# Verifiable seafood vendor that does overnight?



## Marco (Oct 22, 2006)

Planning a little dinner with the SO and parents for the weekend of my birthday.

I don't want to go to supermarkets because I don't know how long their lobsters have been sitting in their tanks. I'm just wondering if anyone would know of any verifiable seafood/lobster vendors that aren't too expensive and will ship nice lobsters overnight? I'm specifically looking for 4x 2-2.5 lbers. The cheapest I've found online is http://www.atwoodlobster.com for $153.99 shipping and all. 

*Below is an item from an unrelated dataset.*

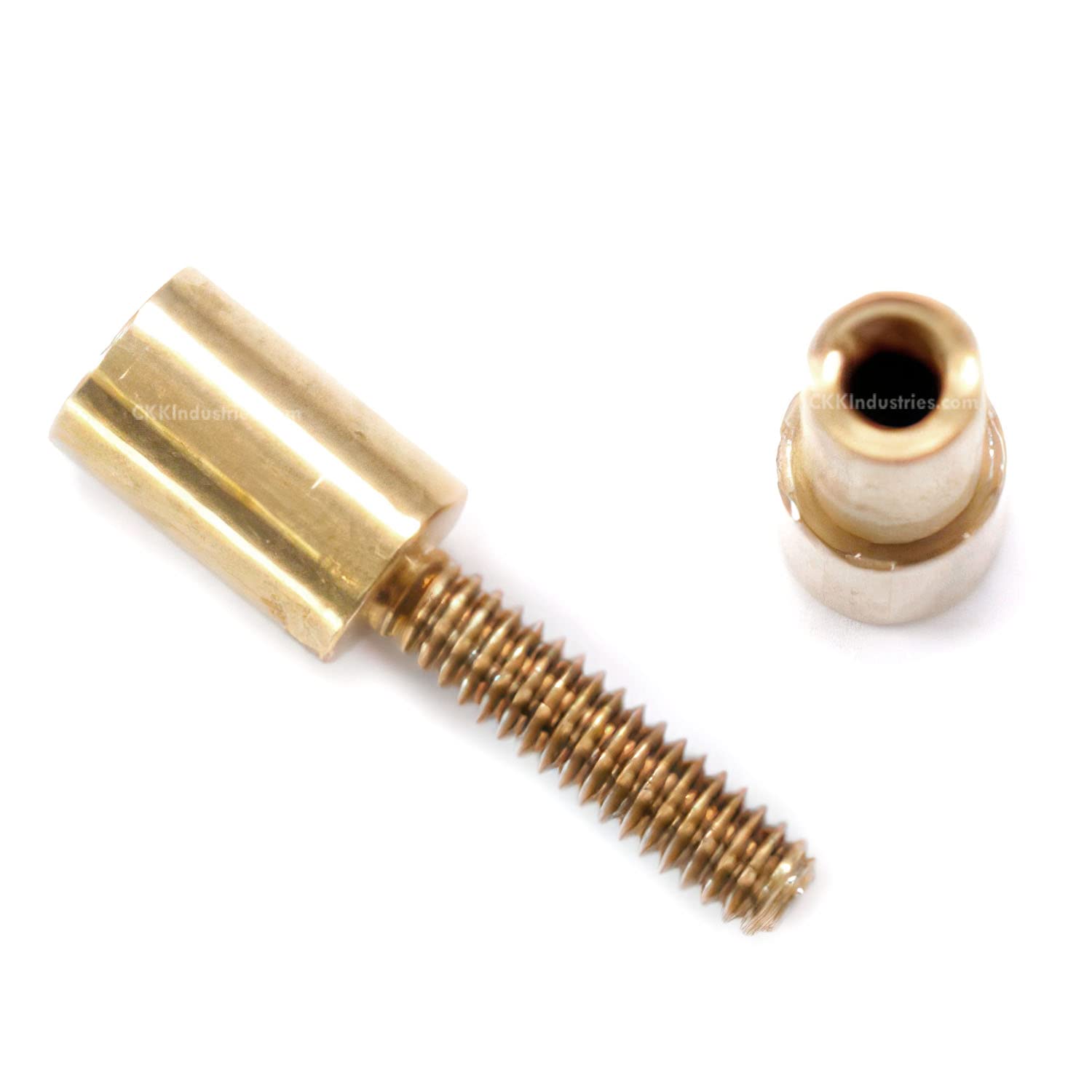 Corby Bolt Fasteners (10 Pack) with Step Drill for DIY Handles & Knife Handle Repair - USA Size (0.156 x 0.120 x 0.9 Inch) - (Brass) - for Full Tang Fixed Blades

Also would any of you know of any good sword fish steak recipes. Pops loves the swordfish.

Thank you 

**edit** Heather convinced me to go with the smaller ones cause theyre softer. There's also this place http://www.mainelobsterwholesale.com/ 6x 1.25 lbers for 69.99. Im gonna call them tomorrow for shipping prices  Thanks Heather.


----------



## Heather (Oct 22, 2006)

legal seafoods is the standard here....


----------



## NYEric (Oct 22, 2006)

The only Legal Seafood I know is a good restaurant in the Boston area. How far are you from NYC. On Centre St. in Chinatown a few blocks north of Canal is as seafood place where you can get lobsters for less. The store that sells some previously bloomed orchids is further up the block past the Buddhist temple w/ all the neon lights. You should take your SO into NYC for the seafood hunt experience. Also, mesquite grill the swordfish. E.


----------



## Marco (Oct 22, 2006)

eric - 45 minute ride by lirr. not to bad  thanks for the heads up on the lobster. but more importantly the orchid place!! oke: do they have any that arent previously bloomed...and do they have paphs multi-florals?


----------



## Heather (Oct 22, 2006)

NYEric said:


> The only Legal Seafood I know is a good restaurant in the Boston area.



Yeah there's a bunch of them here on the eastern seaboard now.


----------



## Eric Muehlbauer (Oct 22, 2006)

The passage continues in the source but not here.